Het Uwv heeft verzocht om de aangevallen uitspraak te bevestigen. Ter zitting heeft de gemachtigde van het Uwv toegelicht dat hetgeen de verzekeringsarts bezwaar en beroep heeft verklaard over het Ritalingebruik tijdens de hoorzitting in bezwaar en wat opgenomen is in zijn rapport van 16 april 2013, los moet worden gezien van hetgeen hij bij zijn beschouwing heeft vermeld in hetzelfde rapport. In het rapport van 14 november 2013 heeft deze verzekeringsarts toegelicht dat bij het vastleggen van appellants mogelijkheden en beperkingen voor het verrichten van arbeid niet is uitgegaan van de situatie dat hij Ritalin gebruikt. De verzekeringsarts heeft er daarbij op gewezen dat hij in zijn rapport van 16 april 2013 onder het kopje “Prognose” heeft vermeld dat hij het op termijn mogelijk acht dat beperkingen kunnen afnemen onder andere door groei van autonomie en verbetering van concentratie onder Ritalin.
4. Het oordeel van de Raad over de aangevallen uitspraak.
4.1.
De rechtbank heeft de beroepsgronden terecht verworpen. Hoewel de verklaringen van de verzekeringsarts bezwaar en beroep over de belastbaarheid van appellant als deze wel of niet Ritalin gebruikt tegenstrijdig lijken, is dit geen reden om het standpunt van het Uwv over het begeleidingsniveau dat nodig is onjuist te achten.

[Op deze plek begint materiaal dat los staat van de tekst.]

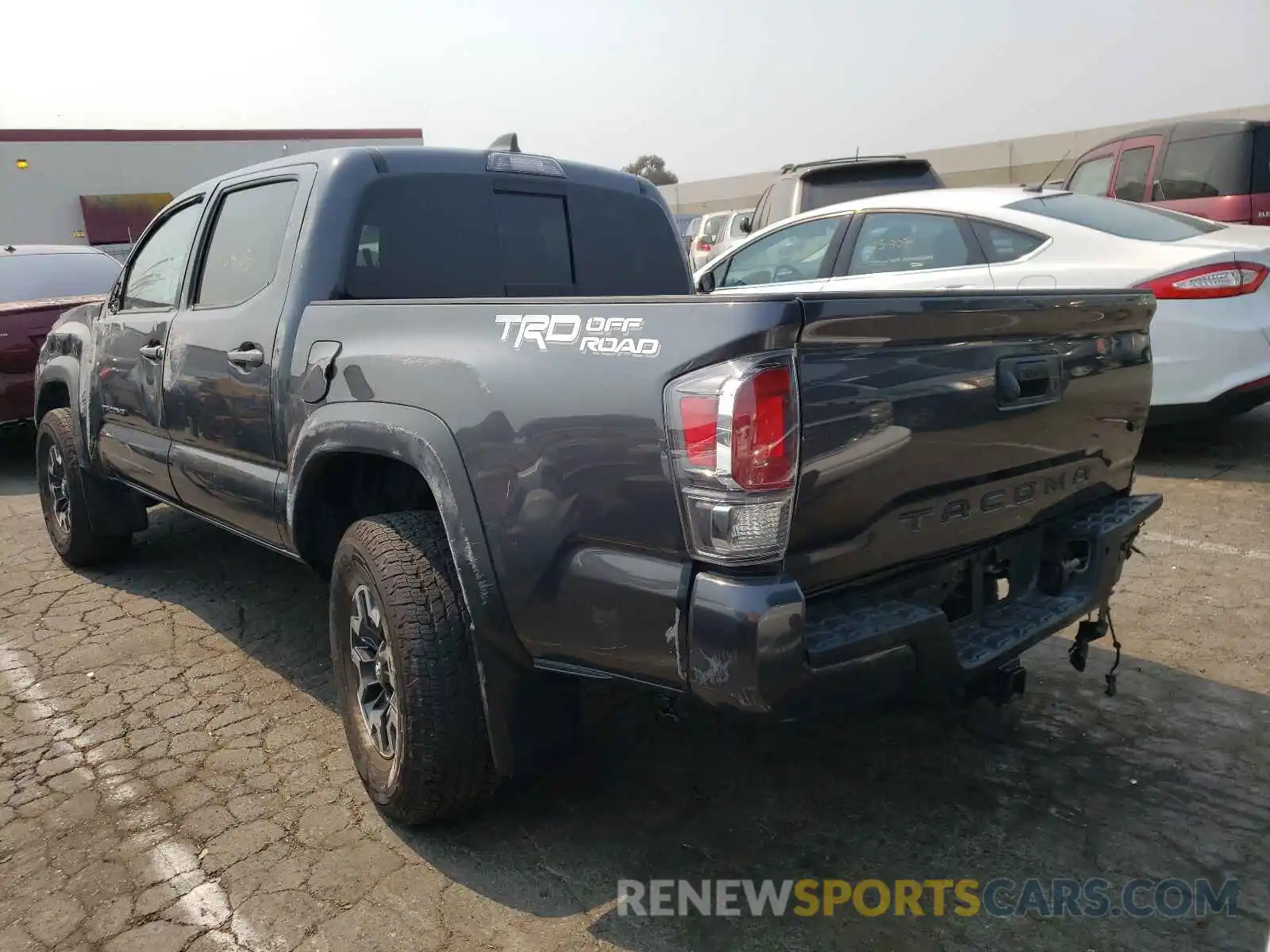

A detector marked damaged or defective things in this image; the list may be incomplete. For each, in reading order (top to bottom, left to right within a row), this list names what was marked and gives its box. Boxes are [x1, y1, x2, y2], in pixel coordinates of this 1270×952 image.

cracked asphalt [0, 409, 1264, 952]
damaged rear bumper [686, 495, 1162, 711]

De verzekeringsarts bezwaar en beroep heeft in zijn rapport van 14 november 2013 inzichtelijk en overtuigend gemotiveerd dat er geen grond is voor het vaststellen van een intensievere vorm van begeleiding indien de geduide functies voldoen aan de in de FML gestelde beperkingen. Dat appellant een intensievere vorm van begeleiding nodig acht dan nu in de FML is opgenomen vindt geen steun in medisch objectieve gegevens. Daarbij is van belang dat uit het verloop van de stages niet de conclusie kan worden getrokken dat hij intensievere begeleiding nodig heeft. De belasting in de stages voldeed immers niet aan de in de FML opgenomen belastbaarheid van appellant.
4.2.
Terecht heeft de rechtbank de beroepsgrond verworpen dat de ten aanzien van appellant geselecteerde functies in medisch opzicht niet passend zijn. Daarbij heeft de rechtbank met juistheid verwezen naar het rapport van 13 juni 2013 van de arbeidsdeskundige bezwaar en beroep zoals dit in haar rapport van 5 februari 2014 nader is toegelicht en verduidelijkt. De geselecteerde voorbeeldfuncties voldoen aan het in de FML vereiste niveau van begeleiding. Voorts is deugdelijk beargumenteerd dat appellant werkzaamheden kan verrichten verbonden aan functies waarin de belasting in overeenstemming is met zijn verzekeringsgeneeskundig vastgestelde functionele mogelijkheden en beperkingen.
4.3.
Gezien hetgeen is overwogen in 4.1 en 4.2 slaagt het hoger beroep niet. De aangevallen uitspraak zal worden bevestigd.
5. Voor een veroordeling in de proceskosten bestaat geen aanleiding.

BESLISSING

De Centrale Raad van Beroep bevestigt de aangevallen uitspraak.
Deze uitspraak is gedaan door C.W.J. Schoor, in tegenwoordigheid van L.H.J. van Haarlem als griffier. De beslissing is uitgesproken in het openbaar op 11 december 2015.